Bailey v. R. E. Heidt Construction Co.

205 So. 2d 503, 1967 La. App. LEXIS 4887
CourtLouisiana Court of Appeal
DecidedDecember 29, 1967
DocketNo. 2204
StatusPublished
Cited by3 cases

This text of 205 So. 2d 503 (Bailey v. R. E. Heidt Construction Co.) is published on Counsel Stack Legal Research, covering Louisiana Court of Appeal primary law. Counsel Stack provides free access to over 12 million legal documents including statutes, case law, regulations, and constitutions.

Bluebook
Bailey v. R. E. Heidt Construction Co., 205 So. 2d 503, 1967 La. App. LEXIS 4887 (La. Ct.
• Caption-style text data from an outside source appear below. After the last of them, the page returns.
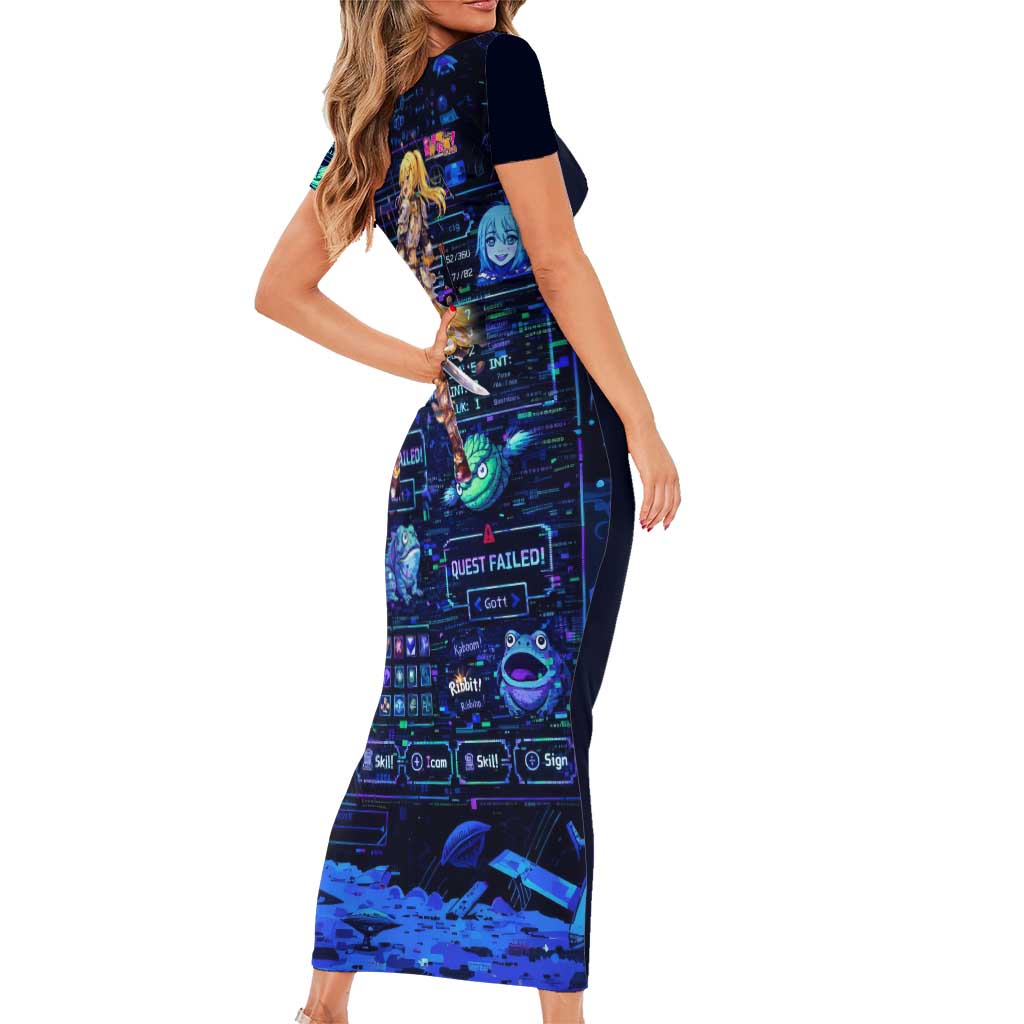 Darkness Lalatina Short Sleeve Bodycon Dress Retro Anime RPG Interface Style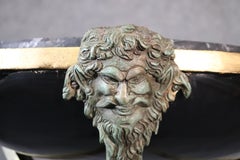 19th Century Bronze Marble-Top Rosewood Pedestal with Satyr and Snake Motif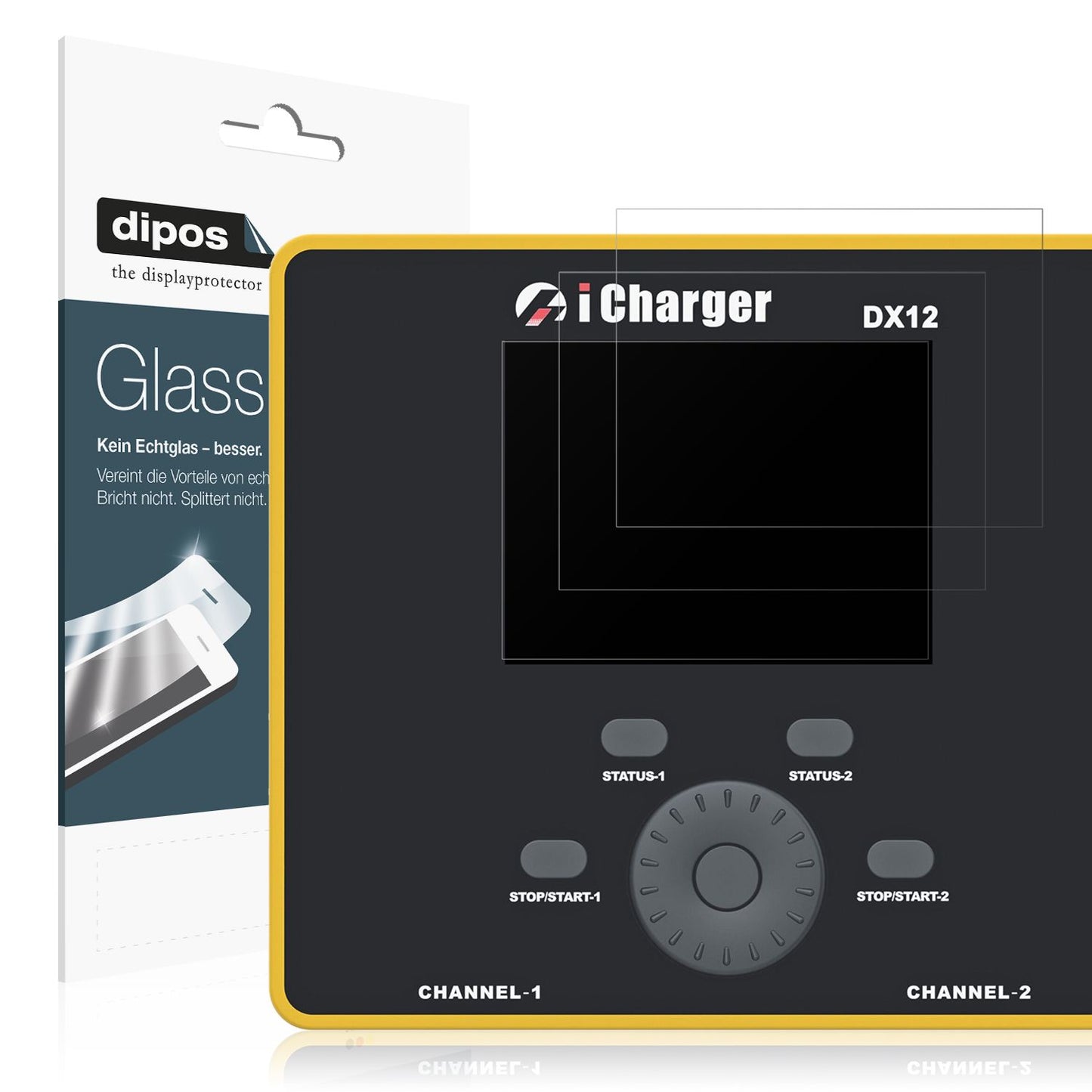 Matte Displayschutzfolie von dipos passend für Junsi iCharger DX12, 9H kratzfest und blasenfrei montiert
App. 1967).

Opinion

SAVOY, Judge.

This suit was brought by plaintiff against R. E. Heidt Construction Co., Inc. and National Surety Company, principal and surety, respectively, to recover from said defendants the price of shell used in connection with a road construction contract which Heidt had with the Parish of Cameron, Louisiana, under State Project #713-16-12 in Cameron Parish, Louisiana.

Plaintiff alleges in his petition that in October of 1964, he furnished to Heidt reef and clam shell at its request for a specified price; that said shell was used on the above-mentioned project; that upon Heidt’s failure to pay for the materials, he filed a lien under the Public Works Act, LSA-R.S. 38:2241 et seq.

Defendants filed a motion for summary judgment and then filed an answer which was a general denial.

The Court Minutes do not indicate that the motion for summary judgment was passed on by the lower court. The trial proceeded on its merits, and after completion thereof, the district judge rejected plaintiff’s demand and dismissed his suit. Plaintiff has appealed.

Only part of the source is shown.